EXERCISE GOAL. Up to and including the line with "2022 Kia Sorento X-Line EX photo 1", copy the records below exactly from their first line.

TASK INPUTS.
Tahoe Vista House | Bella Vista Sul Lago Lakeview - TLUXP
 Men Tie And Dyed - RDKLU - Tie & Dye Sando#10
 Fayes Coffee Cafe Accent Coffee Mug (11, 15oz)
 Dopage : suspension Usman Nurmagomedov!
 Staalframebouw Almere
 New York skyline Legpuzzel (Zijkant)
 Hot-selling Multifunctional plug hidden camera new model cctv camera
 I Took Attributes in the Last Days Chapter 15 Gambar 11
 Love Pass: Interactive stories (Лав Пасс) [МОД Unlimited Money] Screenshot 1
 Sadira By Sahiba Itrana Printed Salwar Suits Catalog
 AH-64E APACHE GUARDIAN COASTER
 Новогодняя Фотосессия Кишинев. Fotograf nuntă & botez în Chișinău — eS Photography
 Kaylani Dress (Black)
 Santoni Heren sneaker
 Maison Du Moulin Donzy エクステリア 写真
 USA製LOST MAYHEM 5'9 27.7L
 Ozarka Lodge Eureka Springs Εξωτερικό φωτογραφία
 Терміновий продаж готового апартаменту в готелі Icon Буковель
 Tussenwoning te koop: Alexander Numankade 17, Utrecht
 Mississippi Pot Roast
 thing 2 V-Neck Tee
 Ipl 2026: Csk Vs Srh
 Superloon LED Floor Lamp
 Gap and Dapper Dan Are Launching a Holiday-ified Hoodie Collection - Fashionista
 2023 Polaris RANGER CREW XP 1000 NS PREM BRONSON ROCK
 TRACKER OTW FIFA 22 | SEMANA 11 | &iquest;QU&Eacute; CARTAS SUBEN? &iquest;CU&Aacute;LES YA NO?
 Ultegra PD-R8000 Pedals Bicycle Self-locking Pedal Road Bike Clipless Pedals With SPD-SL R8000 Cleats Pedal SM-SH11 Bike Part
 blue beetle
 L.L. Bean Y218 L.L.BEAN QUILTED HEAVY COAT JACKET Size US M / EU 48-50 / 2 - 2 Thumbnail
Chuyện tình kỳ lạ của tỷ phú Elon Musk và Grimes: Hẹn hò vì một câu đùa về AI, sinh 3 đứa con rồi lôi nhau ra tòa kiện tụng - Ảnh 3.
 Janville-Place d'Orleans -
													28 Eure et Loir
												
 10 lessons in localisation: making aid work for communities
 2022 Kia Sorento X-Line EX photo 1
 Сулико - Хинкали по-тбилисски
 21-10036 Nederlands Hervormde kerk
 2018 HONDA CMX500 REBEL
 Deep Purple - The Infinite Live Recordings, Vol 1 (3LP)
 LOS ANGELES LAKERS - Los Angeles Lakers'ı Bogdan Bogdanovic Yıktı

SOLUTION FOR THIS TASK.
Tahoe Vista House | Bella Vista Sul Lago Lakeview - TLUXP
 Men Tie And Dyed - RDKLU - Tie & Dye Sando#10
 Fayes Coffee Cafe Accent Coffee Mug (11, 15oz)
 Dopage : suspension Usman Nurmagomedov!
 Staalframebouw Almere
 New York skyline Legpuzzel (Zijkant)
 Hot-selling Multifunctional plug hidden camera new model cctv camera
 I Took Attributes in the Last Days Chapter 15 Gambar 11
 Love Pass: Interactive stories (Лав Пасс) [МОД Unlimited Money] Screenshot 1
 Sadira By Sahiba Itrana Printed Salwar Suits Catalog
 AH-64E APACHE GUARDIAN COASTER
 Новогодняя Фотосессия Кишинев. Fotograf nuntă & botez în Chișinău — eS Photography
 Kaylani Dress (Black)
 Santoni Heren sneaker
 Maison Du Moulin Donzy エクステリア 写真
 USA製LOST MAYHEM 5'9 27.7L
 Ozarka Lodge Eureka Springs Εξωτερικό φωτογραφία
 Терміновий продаж готового апартаменту в готелі Icon Буковель
 Tussenwoning te koop: Alexander Numankade 17, Utrecht
 Mississippi Pot Roast
 thing 2 V-Neck Tee
 Ipl 2026: Csk Vs Srh
 Superloon LED Floor Lamp
 Gap and Dapper Dan Are Launching a Holiday-ified Hoodie Collection - Fashionista
 2023 Polaris RANGER CREW XP 1000 NS PREM BRONSON ROCK
 TRACKER OTW FIFA 22 | SEMANA 11 | &iquest;QU&Eacute; CARTAS SUBEN? &iquest;CU&Aacute;LES YA NO?
 Ultegra PD-R8000 Pedals Bicycle Self-locking Pedal Road Bike Clipless Pedals With SPD-SL R8000 Cleats Pedal SM-SH11 Bike Part
 blue beetle
 L.L. Bean Y218 L.L.BEAN QUILTED HEAVY COAT JACKET Size US M / EU 48-50 / 2 - 2 Thumbnail
Chuyện tình kỳ lạ của tỷ phú Elon Musk và Grimes: Hẹn hò vì một câu đùa về AI, sinh 3 đứa con rồi lôi nhau ra tòa kiện tụng - Ảnh 3.
 Janville-Place d'Orleans -
													28 Eure et Loir
												
 10 lessons in localisation: making aid work for communities
 2022 Kia Sorento X-Line EX photo 1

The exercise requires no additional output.